### Dataset excerpts
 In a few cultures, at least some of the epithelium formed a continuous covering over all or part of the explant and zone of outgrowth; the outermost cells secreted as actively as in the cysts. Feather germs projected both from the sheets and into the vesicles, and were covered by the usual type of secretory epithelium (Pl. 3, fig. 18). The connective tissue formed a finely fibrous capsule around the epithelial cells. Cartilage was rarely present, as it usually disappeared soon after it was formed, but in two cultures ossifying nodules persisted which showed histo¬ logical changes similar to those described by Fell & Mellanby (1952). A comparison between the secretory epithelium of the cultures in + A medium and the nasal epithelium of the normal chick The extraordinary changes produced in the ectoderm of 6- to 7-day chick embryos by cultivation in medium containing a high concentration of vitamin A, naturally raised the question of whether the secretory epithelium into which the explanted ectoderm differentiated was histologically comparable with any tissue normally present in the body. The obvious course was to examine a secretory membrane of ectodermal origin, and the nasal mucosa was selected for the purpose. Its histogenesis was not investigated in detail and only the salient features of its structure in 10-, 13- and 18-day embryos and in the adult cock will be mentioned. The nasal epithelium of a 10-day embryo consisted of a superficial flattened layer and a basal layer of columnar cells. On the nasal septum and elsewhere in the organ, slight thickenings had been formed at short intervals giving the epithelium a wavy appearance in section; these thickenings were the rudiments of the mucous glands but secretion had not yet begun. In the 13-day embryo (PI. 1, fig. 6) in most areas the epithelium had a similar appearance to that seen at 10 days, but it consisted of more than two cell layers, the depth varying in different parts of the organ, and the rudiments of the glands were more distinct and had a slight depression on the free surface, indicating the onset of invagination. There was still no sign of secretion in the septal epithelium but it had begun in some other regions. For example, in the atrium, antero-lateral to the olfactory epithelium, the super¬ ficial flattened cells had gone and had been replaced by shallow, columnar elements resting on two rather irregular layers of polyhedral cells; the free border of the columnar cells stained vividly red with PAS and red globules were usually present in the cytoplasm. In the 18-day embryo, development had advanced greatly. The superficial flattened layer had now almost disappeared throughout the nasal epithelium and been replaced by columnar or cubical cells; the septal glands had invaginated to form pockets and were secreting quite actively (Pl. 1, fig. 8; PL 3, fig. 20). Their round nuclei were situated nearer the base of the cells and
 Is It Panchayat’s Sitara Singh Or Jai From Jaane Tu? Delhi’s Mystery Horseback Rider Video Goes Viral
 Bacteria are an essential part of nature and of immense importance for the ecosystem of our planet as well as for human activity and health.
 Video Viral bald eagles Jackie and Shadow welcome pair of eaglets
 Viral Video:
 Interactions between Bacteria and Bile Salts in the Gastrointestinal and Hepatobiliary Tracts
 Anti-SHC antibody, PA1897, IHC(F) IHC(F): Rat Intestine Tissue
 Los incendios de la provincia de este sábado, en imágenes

### Work instruction
Please work out how many lines in the listing above contain the string "Viral", and answer with that number only.

### Output for this exercise
3